While the big bore well design did bring ECD relief, a limiting factor was identified through T&D analysis. Using friction factors established from previous offset wells, modeling for the big-bore design indicated that the torque limit for the 5-in. drill pipe would be exceeded, if system friction was not maintained to the lowest possible levels. Specifically, there would be only 0.03 friction factor points separating the lowest achievable friction factor and the torque limit friction factor.

In contrast, the 9 7/8-in. intermediate hole section of the 6¾-in. small-bore well design would allow for 0.07 friction-factor point separation between the lowest achievable friction factor and the torque-limit friction factor, Fig. 5. Furthermore, with the addition of mechanical friction reduction devices, calculations revealed an additional benefit at the end of the section, just when it would be needed most. As a result, friction reduction tools were available on location on standby to mitigate risk.

Fig. 5

Fig. 5. Predicted torque values in 9 7⁄8-in. drill pipe. 

After reviewing the modeling, the team was confident that this system friction margin could be maintained through previously established drilling practices, even with the step change in hole size. The well therefore called for a small-bore design with 13 1/2-in. to 9 7/8-in. to 6¾-in. hole sizes.

MAINTAINING FRICTION

Alpine Field’s extensive database proved valuable in implementing the planned well design. For the critical intermediate hole section, drilling parameters have been established to maintain good hole cleaning. Typically, flowrates range from 650 to 750 gpm with rotary speeds of 120-150 rpm. ECDs are monitored, and the average ROP for this section of the well is 170 ft/hr. The ROP, time spent reaming on connections, or a combination of the two is adjusted to maximize ROP while minimizing ECDs.

To further assist in maintaining friction, a bladed reamer is used in the drillstring to wipe the hole. It is placed far enough behind the BHA to simulate a 24-hr short trip. Surface equipment keeps the drilling fluid clean.

Due to the high ROP and cuttings volume being transported, periodic fluid dilutions reduce suspended or colloidal solids that are not removed by the solids-control system. The addition of shale- and clay-control products near the bottom of the section also added lubricity.

Using these practices, the team maintained good system friction without using mechanical friction reduction devices, and applied the same principles to evaluate the 6¾-in. lateral well sections. Actual torque values for CD2-72 appear in Fig. 6.

Fig. 6

Fig. 6. Torque values for Well CD2-72 show that good system friction was maintained by using a bladed reamer and periodic fluid dilutions. 

UNDER PRESSURE

One of the many challenges the Alpine team had to overcome was a difficulty in predicting reservoir pressure along the horizontal well path.
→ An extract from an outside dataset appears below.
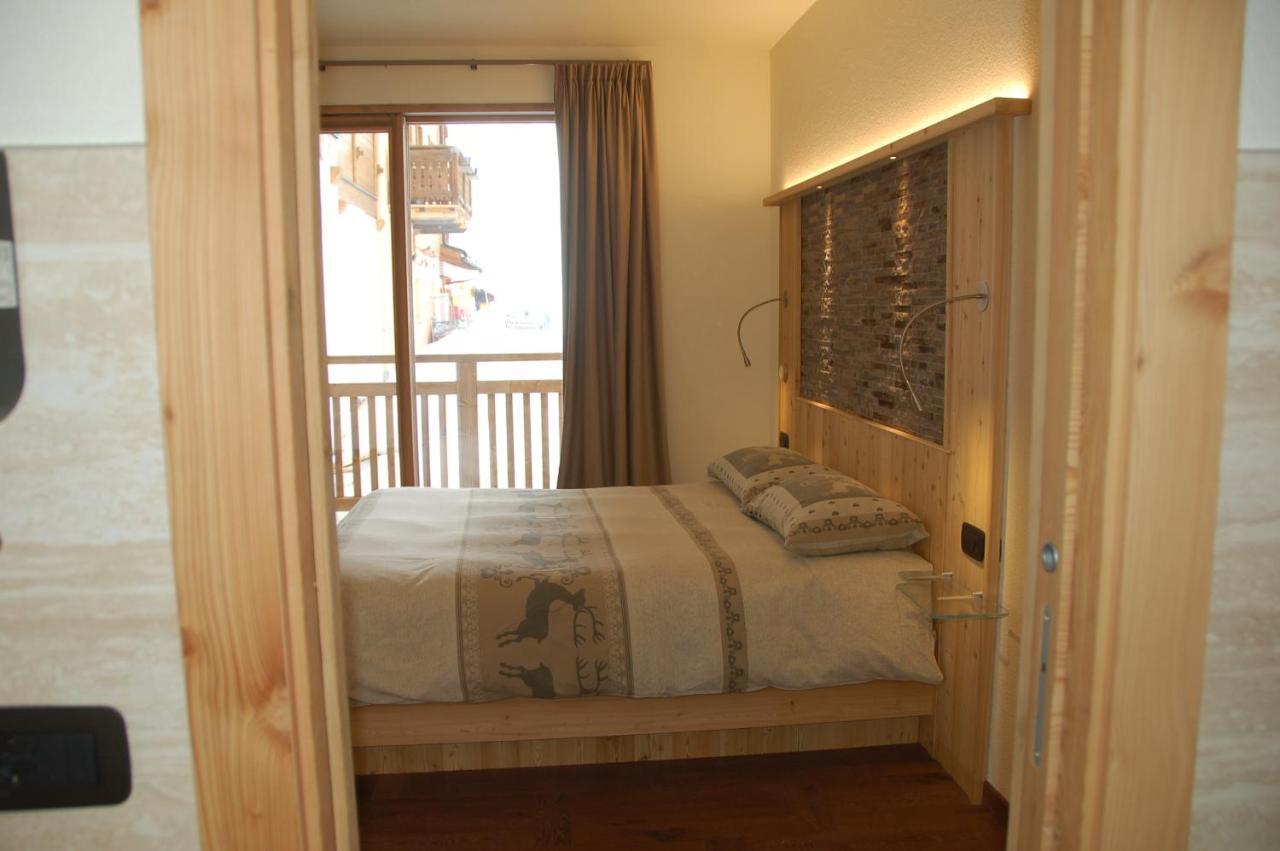Standard Double or Twin Room Balcony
For example, modeling showed a potential range of 7.0 ppg at the heel of the lateral and more than 11.0 ppg at the toe of the CD2-72 lateral. Drilling with such a large pressure-range uncertainty increases the possibility of a well control incident or lost-circulation event. Not knowing the pore pressures also increases time and cost to achieve an accurate drilling mud weight.

To combat the variation in pore pressure data, the team decided to use a Formation Pressure While Drilling (FPWD) tool in the BHA, Fig. 7. Similar in design to many probe-style wireline tools, the collar-based LWD pressure tester extends a pad that seals to the borehole wall. It then uses a metal snorkel to penetrate the formation for a pressure measurement. The information obtained is sent to the MWD for transmission to surface, giving the drilling team real-time formation pressure information.

Fig. 7

Fig. 7. The FPWD tool transmits pressure measurements to surface via MWD, providing real-time formation pressure information. 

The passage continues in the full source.